Authorities of the University of Ghana are compelled to increase academic user fees beginning next academic year due to some financial constraints.
The University authority was dragged to court over failure to settle a 43million Cedis loan facility it secured in 2008 to build four halls for the school. The school lost the case in court and was compelled to pay a judgement debt of 528 million Cedis.
The university management was also asked to show good fate by depositing 50million Ghana Cedis by the end of May 2019 or lose control of the halls.
The Dean of Students at the University, Professor Godfred Bopkin told Joy FM in an interview that the country’s premier university has been going through financial challenges for some time now due to government neglect and pressure from servicing the loan facility.
According to him, the institution can no longer honour all its financial obligations including the judgment debt if it does not increase fees in the next academic year.
“I think increasing fees is available even without this judgment debt. There is the need to take a realistic look at the fees that students are paying because the university is heavily underfunded by government. The binding fiscal constraint on the university has to be addressed,” he said.
He justified the university’s decision to increase fees indicating that, the fees being paid currently by the students has not been changed since the 2015/2016 academic year when Parliament intervened.

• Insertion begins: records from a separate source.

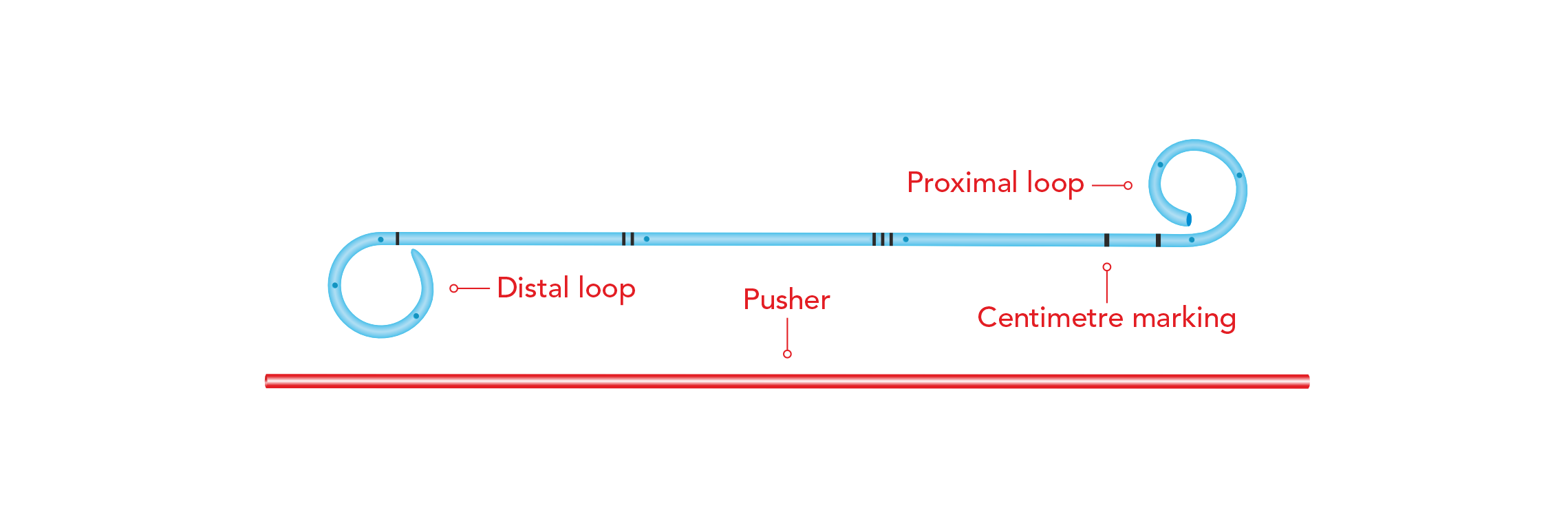 allSoft Renal Transplant Stent (Open Tip & Closed Tip)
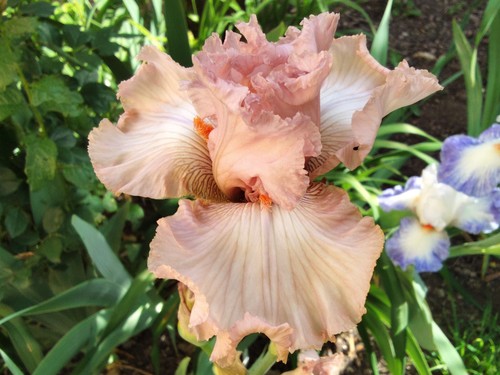Schwertlilie iris tamariks - iris,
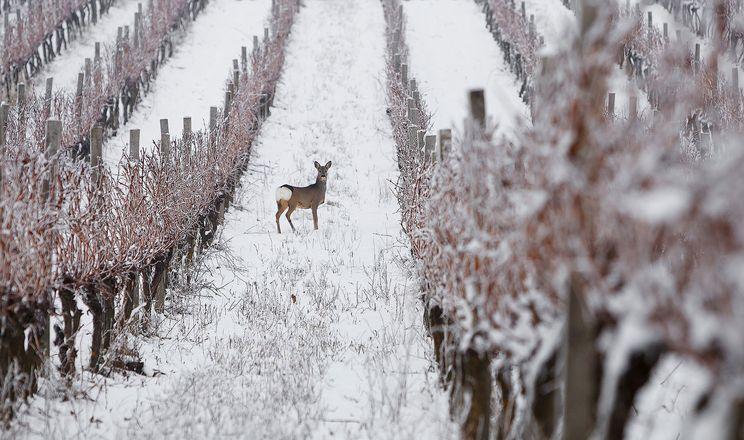 Закарпатські виноградники увійшли до списку 50 найгарніших у світі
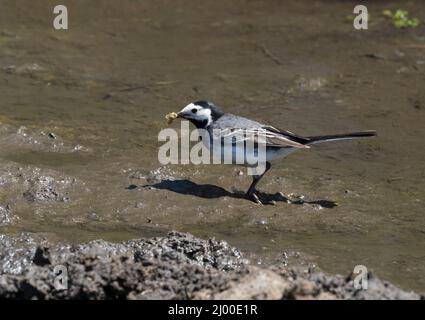 Pied Wagtail, Motacilla alba, adulte unique marchant sur la boue avec des proies dans le bec, Pembrokeshire, pays de Galles, Royaume-Uni. Banque D'Images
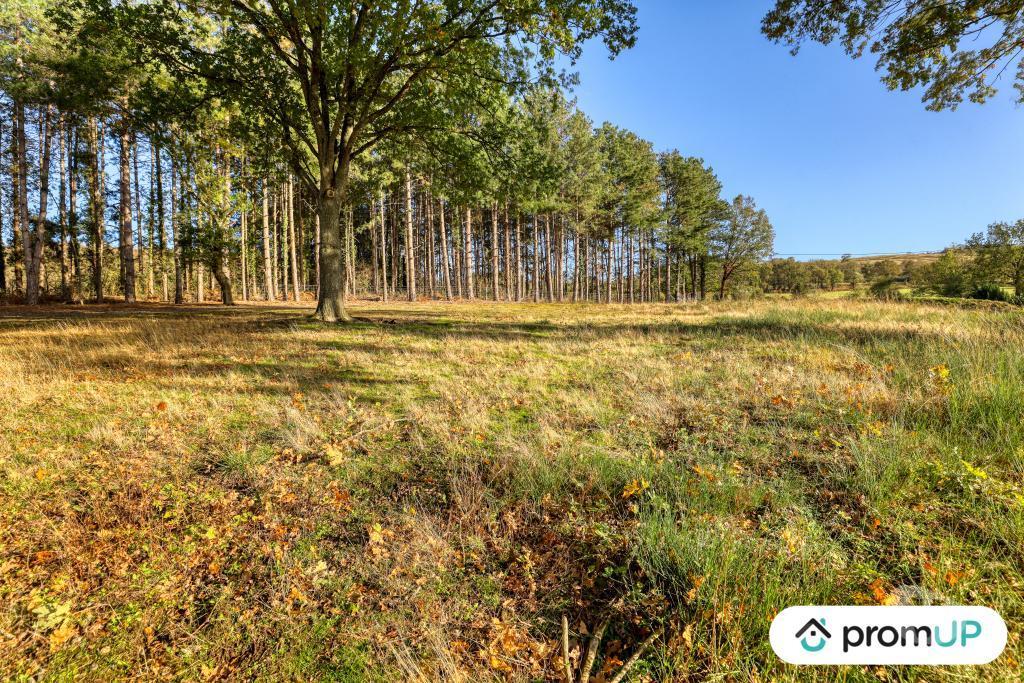 Terrain à vendre Allier St Victor - 03410 - Photos Vivastreet (V6380) Terrain constructible de 2329 m2 à SAINT-VICTOR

“In the last three academic years, because Parliament had to step in to determine who has the right to determine fees, we are still charging fees that we charged as low as it was in the 2015/2016 academic year. You will bear with me that prices in 2015 are not the same as prices today. There is the need to take a realistic look at fees grossly because the reality on the ground is that we are running down our assets and unable to maintain and we are unable to expand our infrastructure," the Dean intimated.
Meanwhile, the entire student body have also been agitating over the privation of the hostels which are currently in question. They argue that the privatization of these hostels would make things difficult for students who are already overburdened with other academic related fees.
Addressing the issue, the Dean of students indicated that a decision has not yet been taken by management to private the halls even though it is on the table.
“There isn’t any firm decision to privatize those hostels, but that proposal has also come up for consideration. Because the university is looking at various options available to enable the university draw down on these facilities. As we speak right now, the university does not have the balance sheet,” he emphasised.